IVFPQ-FastScan-Refine performance and parameters setting
zeke-cheung opened this issue · 1 comments
Summary
Platform
OS:
Faiss version:
Installed from:
Faiss compilation options:
Running on:
- CPU
Interface:
- Python
Reproduction instructions
import faiss
from faiss.contrib.evaluation import knn_intersection_measure
from faiss.contrib import datasets
ds = datasets.SyntheticDataset(64, 5000, 10000, 1000)
d = 64 # dimension
m = 8 # 8 specifies that the number of sub-vector is 8
k = 4 # number of dimension in etracted vector
n_bit = 4 # 4 specifies that each sub-vector is encoded as 4 bits
bbs = 32 # build block size ( bbs % 32 == 0 ) for PQ
nlist = 50
quantizer = faiss.IndexFlatL2(d) # this remains the same
index = faiss.IndexIVFPQFastScan(quantizer, d, nlist, m, n_bit, faiss.METRIC_L2, bbs)
index_refine = faiss.IndexRefineFlat(index)
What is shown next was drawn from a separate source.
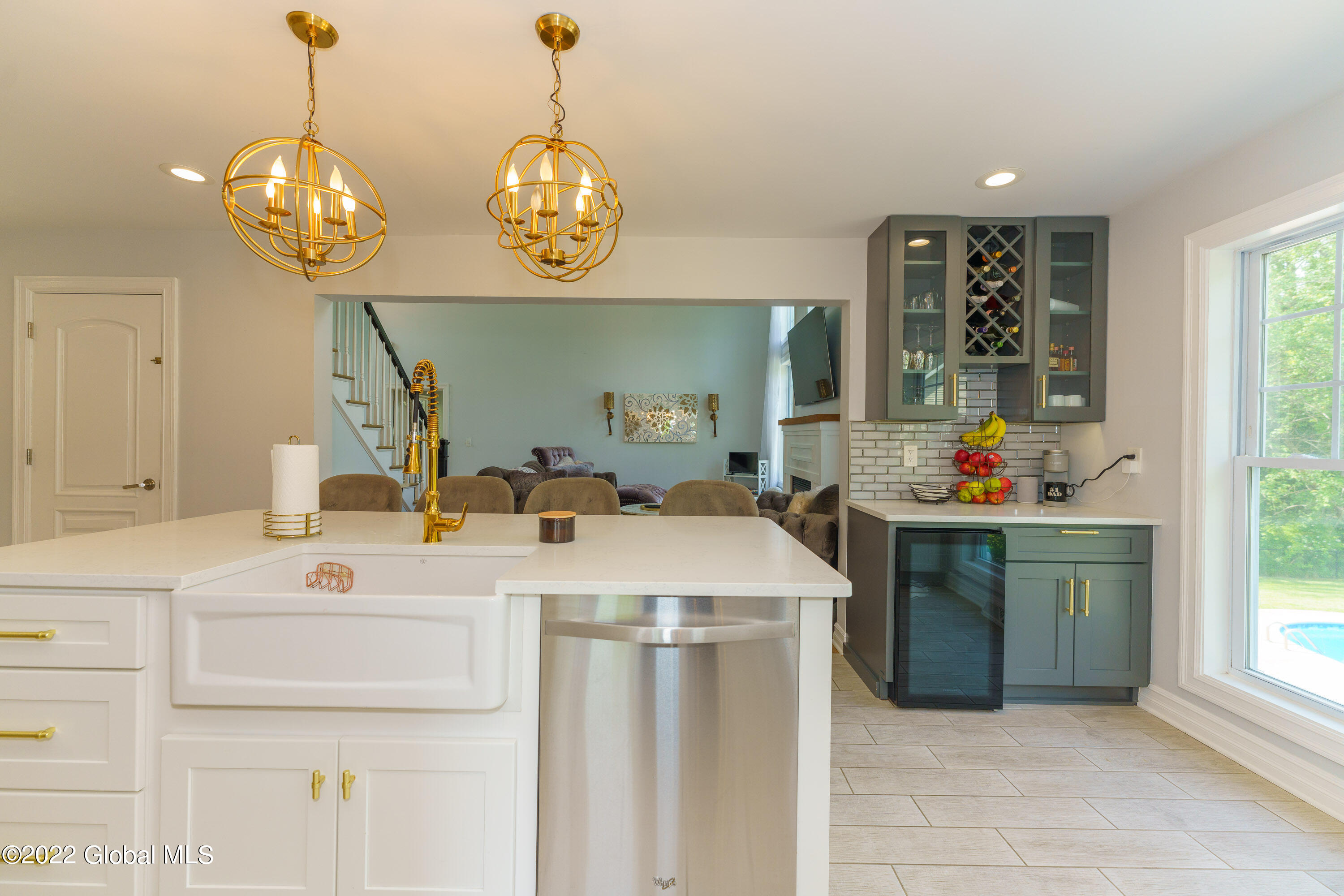 90 Werner Road Halfmoon, NY 12065 - Photo 16 of 58 4 Kitchen 3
assert not index_refine.is_trained
index_refine.train(ds.get_train()) # Train vectors data index within mockup database
assert index_refine.is_trained
index_refine.add(ds.get_database())
params = faiss.IndexRefineSearchParameters(k_factor=10)
D, I = index_refine.search(ds.get_queries(), 100, params=params,)
KIM = knn_intersection_measure(I, ds.get_groundtruth())
recall_at_100 = (I[:, :100] == ds.get_groundtruth()[:, :1]).sum() / 1000
print(recall_at_100)
print(I)
print(D)
Hello, I want to implement an index of IVFPQ+fastscan+refine, which is the same algorithm as ann-benchmark. The above script has a recall@100 of 0.38, and I don't know why it's so low. Could you help me, please?
In addition, I also have some minor problems with the parameter setting of IndexIVFPQFastScan. Should the first quantizer parameter simply use the default IndexFlatL2(d)? If I want to modify the quantized sub-space quantity m, can I directly modify it in the parameter of IndexIVFPQFastScan? Or do I need to define a ProductQuantizer instance with proper parameters that I pass in to IndexIVFPQFastScan?
Thank you for your time.
Thank you for providing the sample code!
by default nprobe for ivf is 1
I tried same code with different settings
nprobe = 1, recall = 0.38
nprobe = 2, recall = 0.565
nprobe = 4, recall = 0.729
nprobe = 8, recall = 0.888
Coarse quantizer in IVFPQFastScan is IVF. If you are looking to quantize coarse quantizer (which is IVF in IVFPQFastScan) itself, then you may choose to pass some other quantizer such as IndexHNSWFlat. If you are looking to change params for fine quantizer i.e. PQFS in IVFPQFastScan, then you can change that parameters in IndexIVFPQFastScan.
Let me know if this doesn't answer your question.